▸ Items listed in a dataset:
┏━━
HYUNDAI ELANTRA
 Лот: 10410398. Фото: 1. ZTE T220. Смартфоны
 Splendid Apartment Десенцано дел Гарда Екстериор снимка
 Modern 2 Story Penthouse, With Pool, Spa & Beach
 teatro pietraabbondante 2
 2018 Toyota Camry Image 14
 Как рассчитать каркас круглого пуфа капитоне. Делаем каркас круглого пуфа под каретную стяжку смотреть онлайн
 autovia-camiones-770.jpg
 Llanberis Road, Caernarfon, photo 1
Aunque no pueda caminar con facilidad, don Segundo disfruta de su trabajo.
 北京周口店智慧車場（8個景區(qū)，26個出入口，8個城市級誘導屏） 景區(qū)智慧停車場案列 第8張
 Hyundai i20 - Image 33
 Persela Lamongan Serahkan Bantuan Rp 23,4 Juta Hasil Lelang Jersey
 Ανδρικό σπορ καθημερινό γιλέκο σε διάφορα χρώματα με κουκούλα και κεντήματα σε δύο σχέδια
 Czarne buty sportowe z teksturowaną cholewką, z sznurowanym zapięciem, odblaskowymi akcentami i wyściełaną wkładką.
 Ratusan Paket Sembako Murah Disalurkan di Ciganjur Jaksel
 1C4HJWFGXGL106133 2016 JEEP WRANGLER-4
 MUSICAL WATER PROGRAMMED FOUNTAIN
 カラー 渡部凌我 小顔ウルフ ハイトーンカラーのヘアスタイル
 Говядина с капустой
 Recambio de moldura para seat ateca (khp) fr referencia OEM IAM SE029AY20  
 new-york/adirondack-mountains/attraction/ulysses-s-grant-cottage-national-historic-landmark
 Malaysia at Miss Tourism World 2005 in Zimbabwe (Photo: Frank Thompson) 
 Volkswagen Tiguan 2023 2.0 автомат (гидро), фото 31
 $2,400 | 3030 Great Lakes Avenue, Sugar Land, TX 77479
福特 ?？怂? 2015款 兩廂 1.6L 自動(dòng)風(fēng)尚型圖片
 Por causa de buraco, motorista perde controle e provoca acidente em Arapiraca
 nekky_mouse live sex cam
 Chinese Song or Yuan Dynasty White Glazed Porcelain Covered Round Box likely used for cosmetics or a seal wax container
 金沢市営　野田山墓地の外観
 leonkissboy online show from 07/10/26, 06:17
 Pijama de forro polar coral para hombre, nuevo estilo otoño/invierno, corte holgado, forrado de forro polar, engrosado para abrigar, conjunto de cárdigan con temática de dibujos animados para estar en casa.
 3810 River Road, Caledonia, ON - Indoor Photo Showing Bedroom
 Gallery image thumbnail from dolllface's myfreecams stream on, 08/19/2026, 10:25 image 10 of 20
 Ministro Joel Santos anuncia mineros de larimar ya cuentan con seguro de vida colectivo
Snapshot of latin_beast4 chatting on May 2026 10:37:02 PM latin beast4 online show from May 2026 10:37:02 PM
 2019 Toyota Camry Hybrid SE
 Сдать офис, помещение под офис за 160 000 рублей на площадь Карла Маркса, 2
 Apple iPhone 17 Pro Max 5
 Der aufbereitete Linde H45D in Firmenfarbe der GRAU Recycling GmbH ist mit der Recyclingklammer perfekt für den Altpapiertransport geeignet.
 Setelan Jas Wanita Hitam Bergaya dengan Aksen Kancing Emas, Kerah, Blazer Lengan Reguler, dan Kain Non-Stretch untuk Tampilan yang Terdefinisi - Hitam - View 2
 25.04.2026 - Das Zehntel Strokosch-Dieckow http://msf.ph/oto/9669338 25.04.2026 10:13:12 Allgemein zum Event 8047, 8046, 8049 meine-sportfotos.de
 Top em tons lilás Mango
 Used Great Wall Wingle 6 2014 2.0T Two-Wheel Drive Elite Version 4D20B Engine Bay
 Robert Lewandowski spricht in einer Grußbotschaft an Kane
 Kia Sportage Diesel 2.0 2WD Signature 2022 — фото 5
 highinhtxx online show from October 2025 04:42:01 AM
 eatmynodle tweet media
┗━━
▸ Required work:
Using the data above, repeat exactly the lines that begin at the line with "Land, TX 77479" and end at the line with "Setelan Jas Wanita", both ends included.

▸ Written solution:
 $2,400 | 3030 Great Lakes Avenue, Sugar Land, TX 77479
福特 ?？怂? 2015款 兩廂 1.6L 自動(dòng)風(fēng)尚型圖片
 Por causa de buraco, motorista perde controle e provoca acidente em Arapiraca
 nekky_mouse live sex cam
 Chinese Song or Yuan Dynasty White Glazed Porcelain Covered Round Box likely used for cosmetics or a seal wax container
 金沢市営　野田山墓地の外観
 leonkissboy online show from 07/10/26, 06:17
 Pijama de forro polar coral para hombre, nuevo estilo otoño/invierno, corte holgado, forrado de forro polar, engrosado para abrigar, conjunto de cárdigan con temática de dibujos animados para estar en casa.
 3810 River Road, Caledonia, ON - Indoor Photo Showing Bedroom
 Gallery image thumbnail from dolllface's myfreecams stream on, 08/19/2026, 10:25 image 10 of 20
 Ministro Joel Santos anuncia mineros de larimar ya cuentan con seguro de vida colectivo
Snapshot of latin_beast4 chatting on May 2026 10:37:02 PM latin beast4 online show from May 2026 10:37:02 PM
 2019 Toyota Camry Hybrid SE
 Сдать офис, помещение под офис за 160 000 рублей на площадь Карла Маркса, 2
 Apple iPhone 17 Pro Max 5
 Der aufbereitete Linde H45D in Firmenfarbe der GRAU Recycling GmbH ist mit der Recyclingklammer perfekt für den Altpapiertransport geeignet.
 Setelan Jas Wanita Hitam Bergaya dengan Aksen Kancing Emas, Kerah, Blazer Lengan Reguler, dan Kain Non-Stretch untuk Tampilan yang Terdefinisi - Hitam - View 2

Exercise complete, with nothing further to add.